(Stored entries)
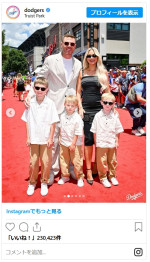 ２枚目　フレディ・フリーマン一家※「Los Angeles Dodgers」インスタグラム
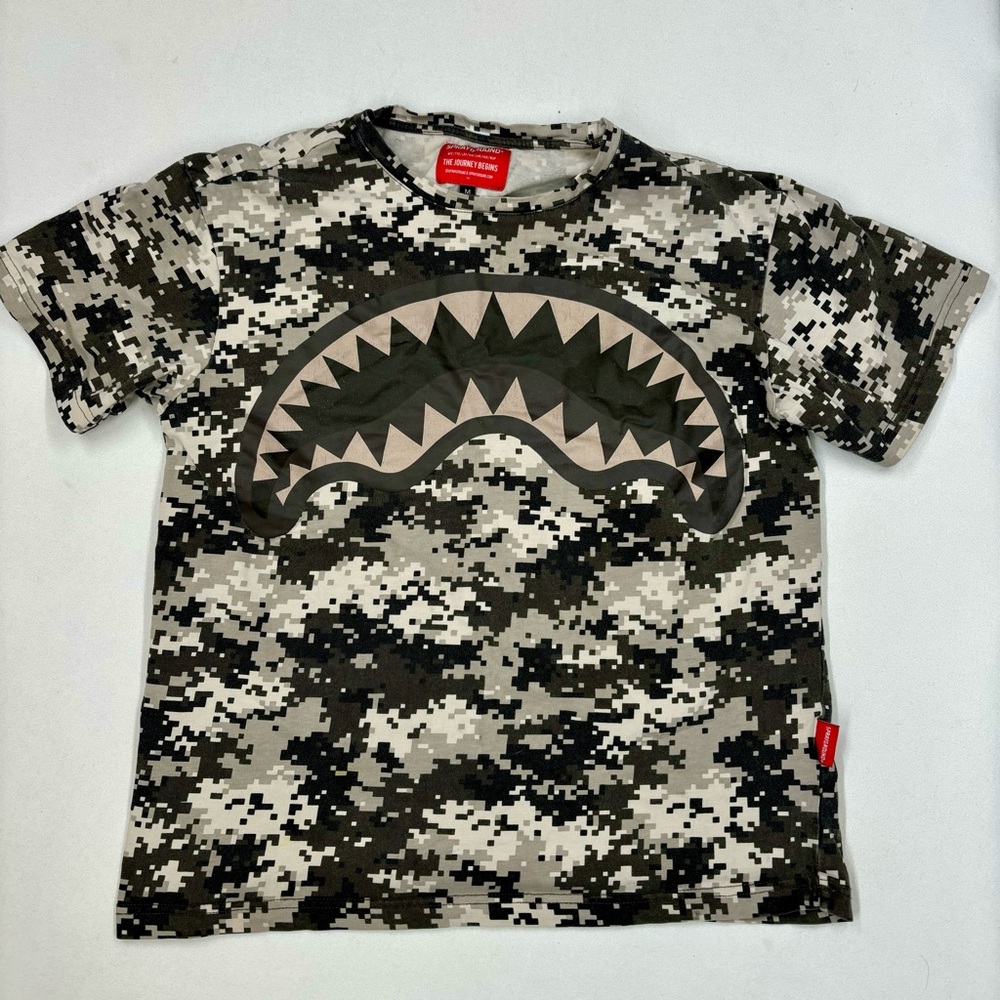 Sprayground Men’s Camo T-Shirt Short Sleeve Size Medium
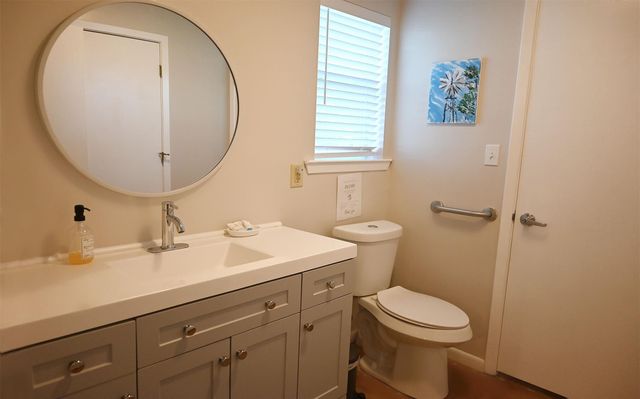 101 Stadium View DR, Marble Falls, TX 78654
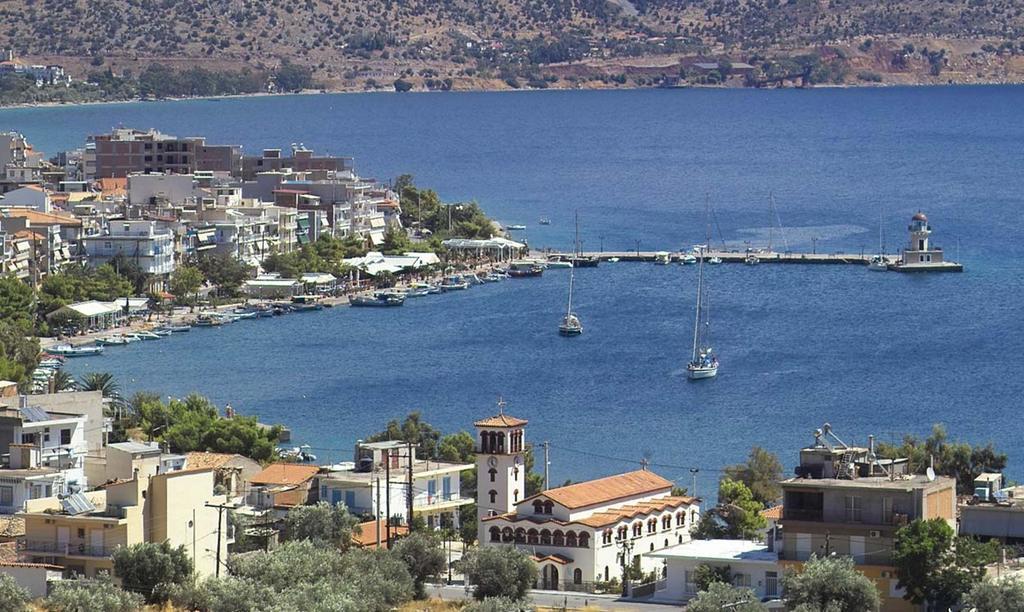 Iridanos Hotell Antikyra Eksteriør bilde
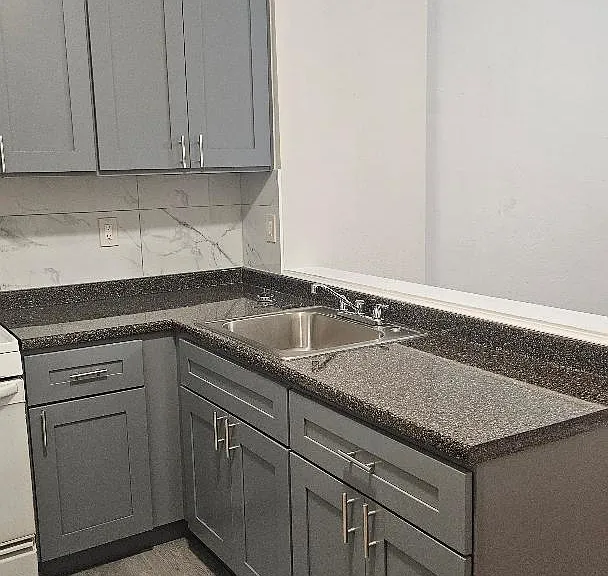 4936 Locust St — Photo 5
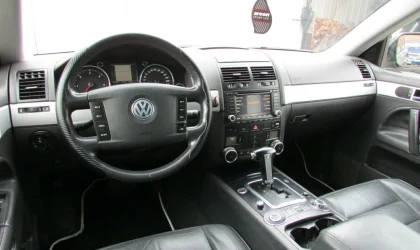 Volkswagen Touareg  - 2005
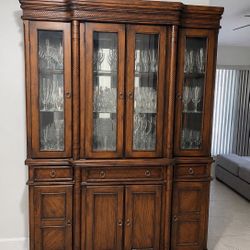 China Cabinet / Hutch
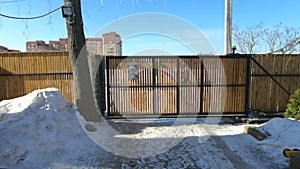 A sliding wooden gates are closed automatically by a mechanism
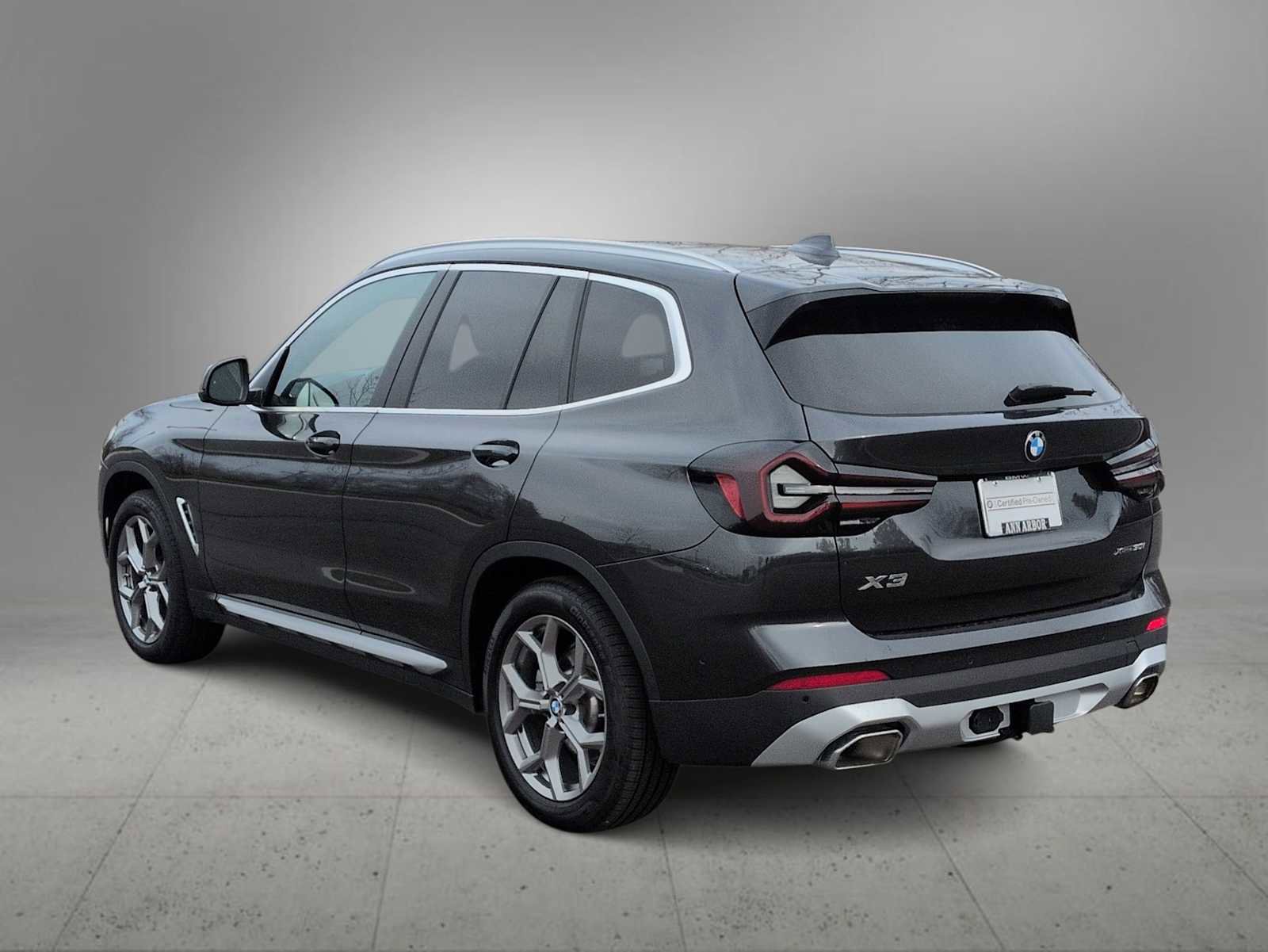 Certified 2024 BMW X3 xDrive30i w/ Premium Package image 6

**Exercise goal**
Output every record verbatim, excluding any picture it contains.

**Written solution**
 ２枚目　フレディ・フリーマン一家※「Los Angeles Dodgers」インスタグラム
 Sprayground Men’s Camo T-Shirt Short Sleeve Size Medium
 101 Stadium View DR, Marble Falls, TX 78654
 Iridanos Hotell Antikyra Eksteriør bilde
 4936 Locust St — Photo 5
 Volkswagen Touareg  - 2005
 China Cabinet / Hutch
 A sliding wooden gates are closed automatically by a mechanism
 Certified 2024 BMW X3 xDrive30i w/ Premium Package image 6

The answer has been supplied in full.